| AIM OF THE EXERCISE |
An exact copy, beginning at the line containing "Angeln Anglerin Dorsch" and ending at the final line of the records that follow, is the answer; it has no pictures and no other text.

| LISTED ENTRIES |

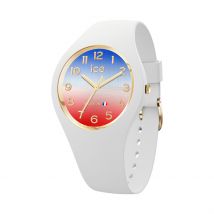 Montre Ice Watch Cocorico Tricolore - Boîtier Jaune - Cadran Multicolore - Bracelet Blanc - Mécanisme en Quartz - Pour Femme - Histoire d'Or
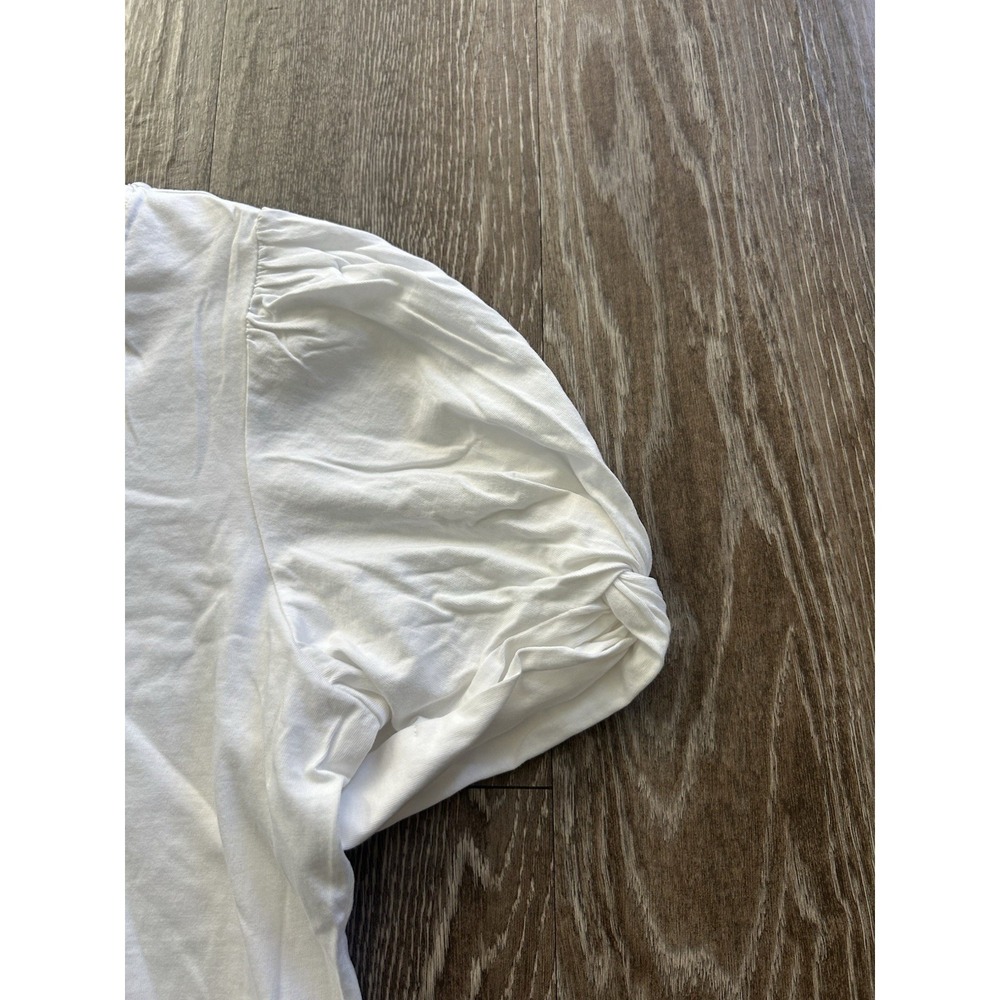 Hatley White Puff Sleeve Top Quiet Luxury Coastal Preppy Parisian Minimalist - Picture 6 of 9
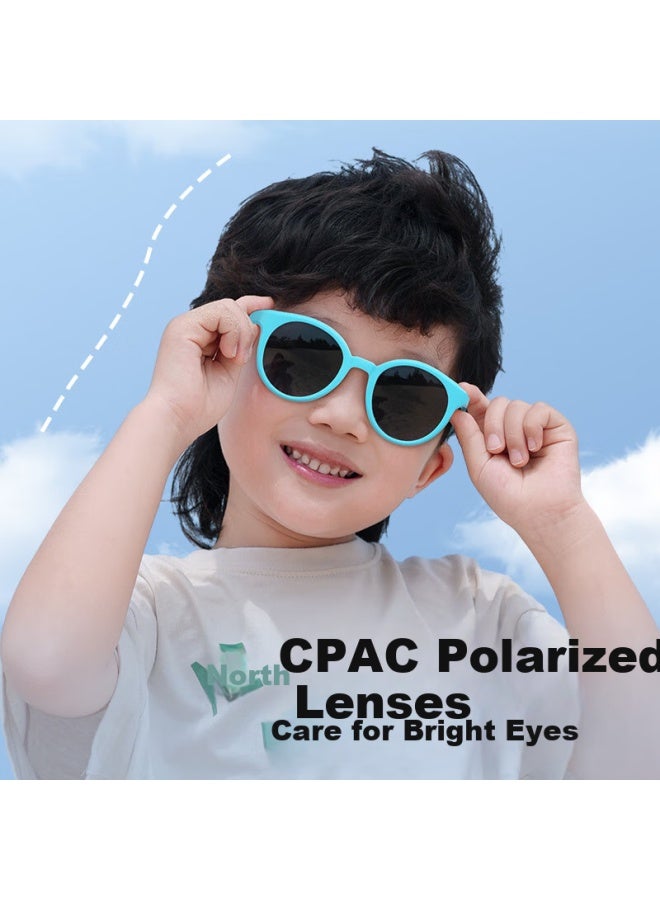 Pulais Kids Polarized Sunglasses Cute Stylish Boys Girls Sun Glasses 24044 Black Frame Grey Lens - Image 1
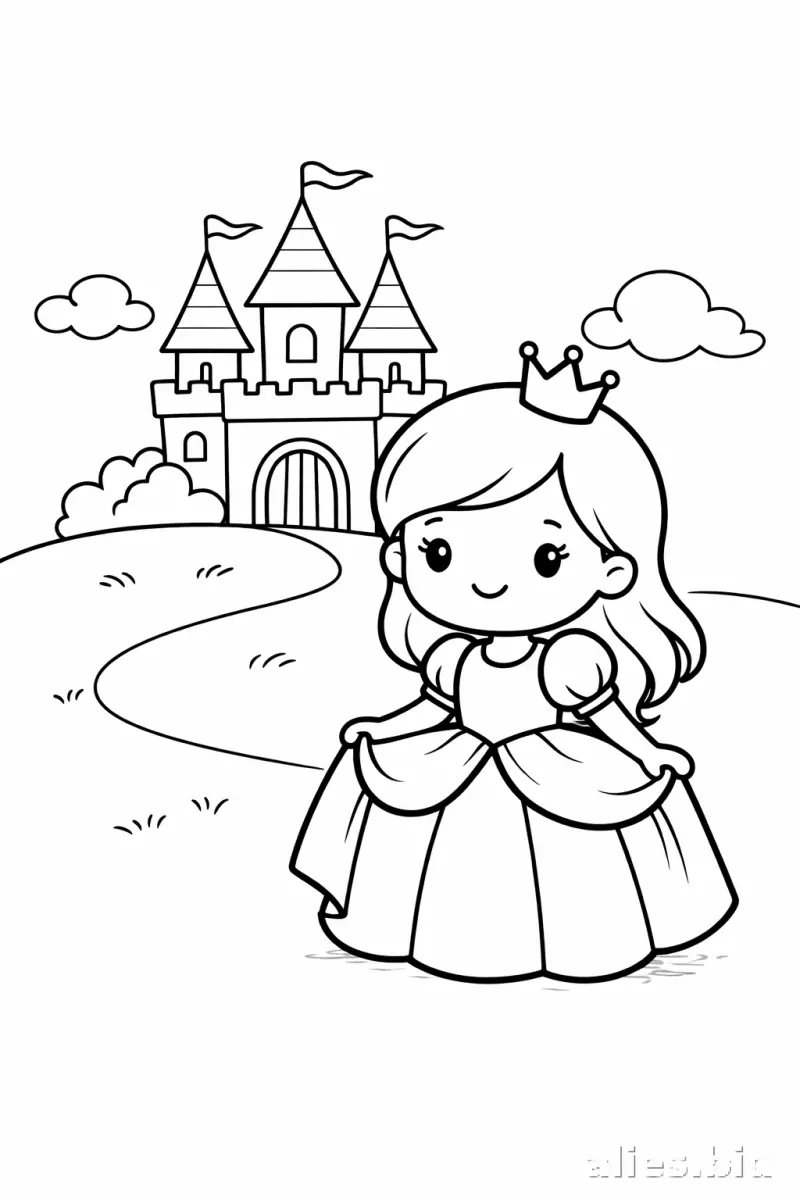 Free Printable Princess Coloring Pages For Toddlers Worksheet #14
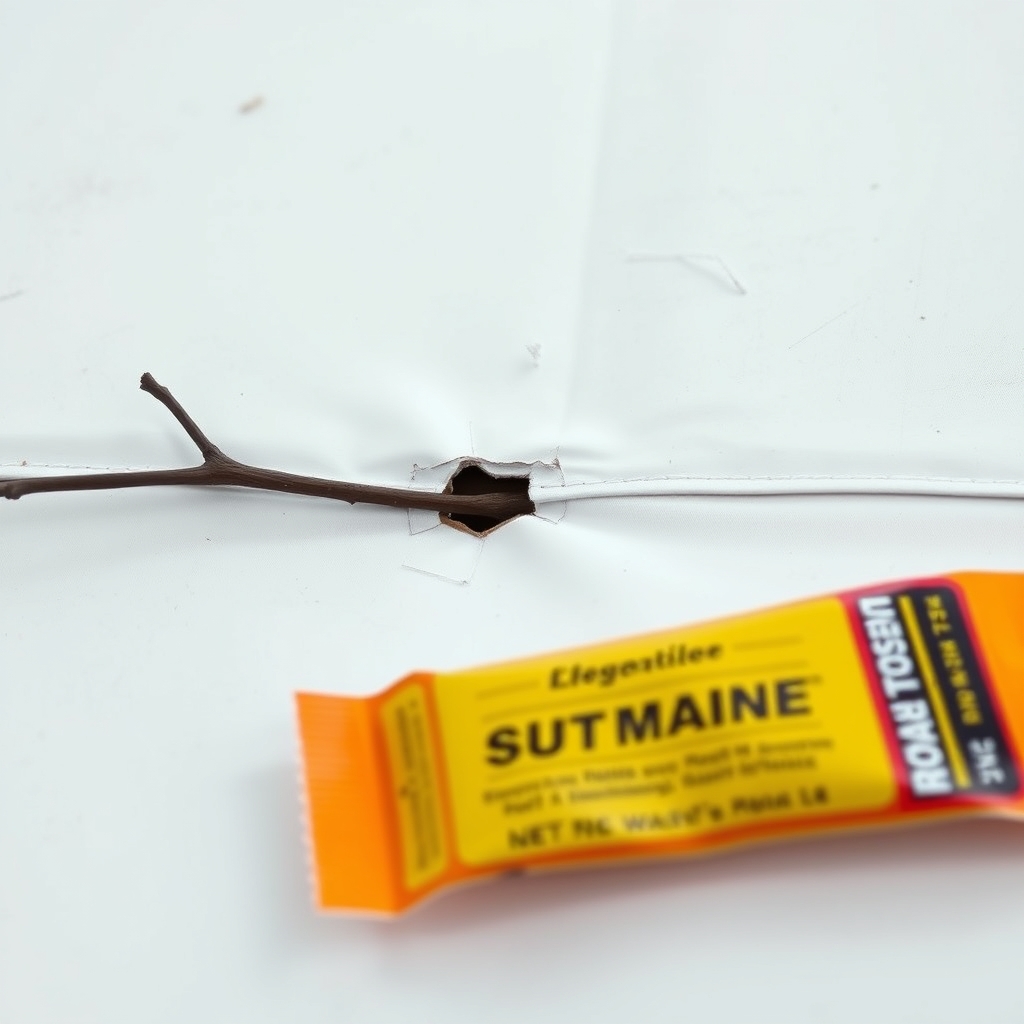 Small puncture in an RV roof membrane before repair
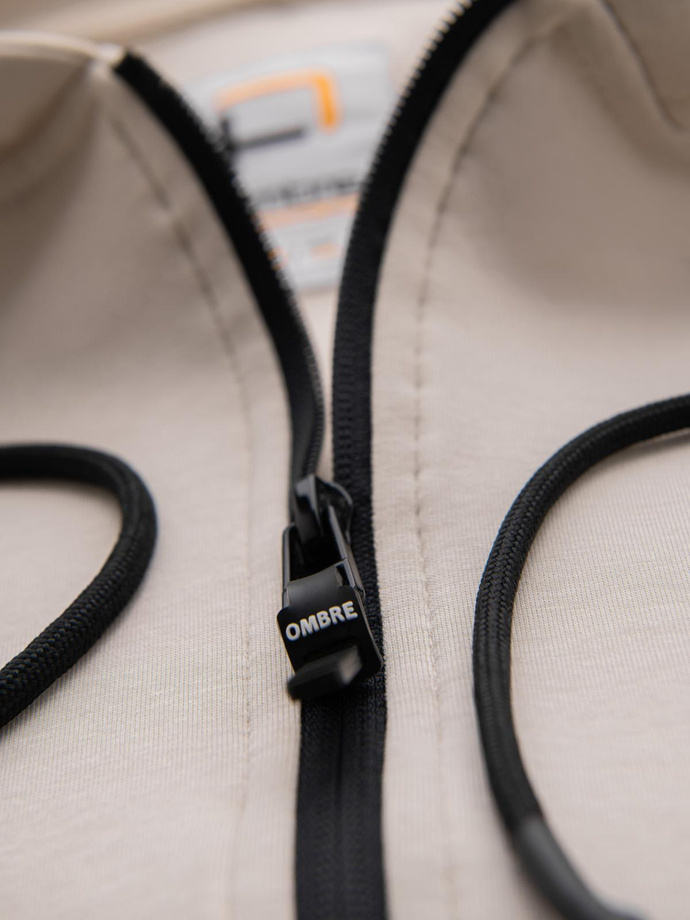 Dresowa rozpinana bluza hoodie w stylu streetwearowym – piaskowa V6 OM-SSZP-0213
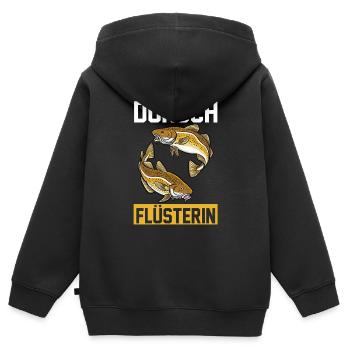 Angeln Anglerin Dorsch Fischer - Kinder Premium Organic Zip Hoodie - Schwarz - Hinten - AI Model Kid Male (0cm)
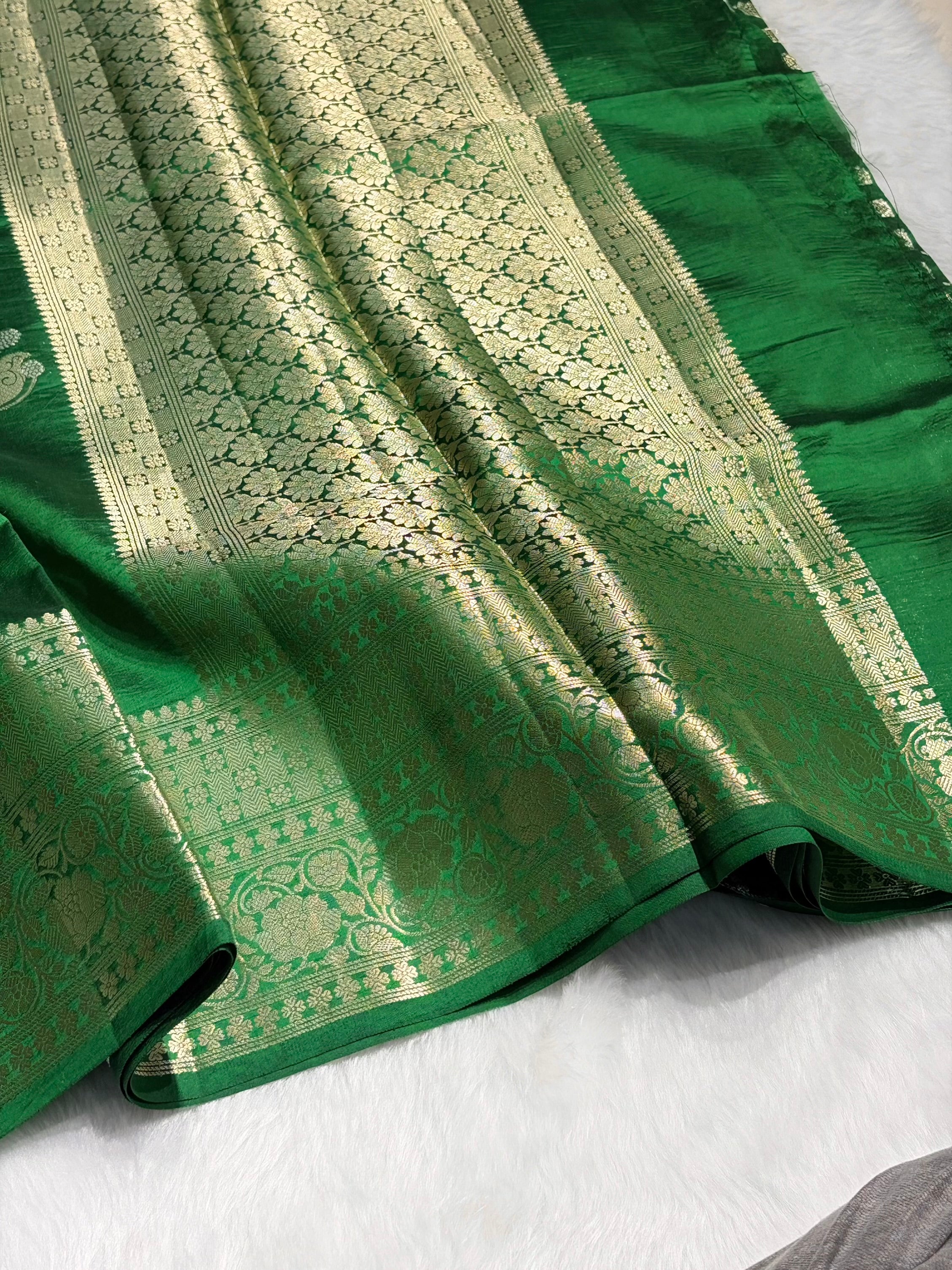 Bottle Green Shades Pure Caramel Mango Silk Saree CS-25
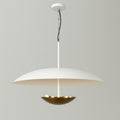 Modern Brass Shade Flush Mount Chandelier - Double Disk Design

| WRITTEN RESPONSE |
 Angeln Anglerin Dorsch Fischer - Kinder Premium Organic Zip Hoodie - Schwarz - Hinten - AI Model Kid Male (0cm)
 Bottle Green Shades Pure Caramel Mango Silk Saree CS-25
 Modern Brass Shade Flush Mount Chandelier - Double Disk Design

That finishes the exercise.